Jim Squires, former editor of the Chicago Tribune, has managed to pull it off. A thoroughbred breeder since 1990, he earned a shot at the publishing big time with his first racing book, "Horse of a Different Color," about the breeding and raising of Monarchos, the gray speedster who won the 2001 Derby, on his Two Bucks Farm in Kentucky.
He and the farm figure prominently in "Headless Horsemen," but his exhilarating ride to the top now is going the other way as the book picks up in 2008. Squires, now 66, is alone in his suffering from kidney stones, about which he writes humorously, but he has plenty of horsemen for company in his struggle against a bad economy made worse by an overabundance of horses for sale.
At the prestigious July 2008 Fasig-Tipton yearling sale, nearly half the youngsters consigned go unsold. That includes three of the four he consigned, and the one sold went for only $20,000, which would go to cover entry and sales costs.
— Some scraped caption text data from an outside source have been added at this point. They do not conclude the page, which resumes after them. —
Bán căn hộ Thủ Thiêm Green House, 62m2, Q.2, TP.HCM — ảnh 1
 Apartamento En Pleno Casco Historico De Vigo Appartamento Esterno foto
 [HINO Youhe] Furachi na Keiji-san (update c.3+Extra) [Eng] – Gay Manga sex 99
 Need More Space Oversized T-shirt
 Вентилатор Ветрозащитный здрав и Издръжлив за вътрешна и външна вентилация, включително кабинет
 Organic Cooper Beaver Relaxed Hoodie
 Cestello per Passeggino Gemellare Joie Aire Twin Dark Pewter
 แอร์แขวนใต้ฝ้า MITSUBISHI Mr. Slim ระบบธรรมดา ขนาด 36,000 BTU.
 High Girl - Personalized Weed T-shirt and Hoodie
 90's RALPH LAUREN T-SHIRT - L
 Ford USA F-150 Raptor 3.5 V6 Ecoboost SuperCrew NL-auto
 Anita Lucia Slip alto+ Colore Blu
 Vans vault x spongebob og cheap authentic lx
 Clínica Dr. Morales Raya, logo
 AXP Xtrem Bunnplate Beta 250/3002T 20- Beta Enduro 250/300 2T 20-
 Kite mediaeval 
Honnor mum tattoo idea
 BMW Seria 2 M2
An industry gadfly outspoken on the need to rid the sport of drugs that might enhance performance, Squires is mortified when his promising horse, Stones River, posts a positive drug test.
Because his trainer, Larry Jones, is equally anti-drug, the two can only conclude that either the horse or the test has been tampered with, perhaps to get back at the two men for their position on drug use.
There are other personal travails, but Squires always ties them into the larger picture. That's why the book is subtitled "A Tale of Chemical Colts, Subprime Sales Agents and the Last Kentucky Derby on Steroids." Squires suggests that race was last year.
He writes about the use of Winstrol, or stanozolol, noting that it is the same anabolic steroid an athletic trainer claimed to have administered to Roger Clemens and the one that cost Ben Johnson his Olympic gold medal.
Now, new laws in several states have restricted or banned the use of those drugs.
Anecdotes like that, coupled with his colorful and frequently funny writing, are why the book works for an audience broader than that of racing fans.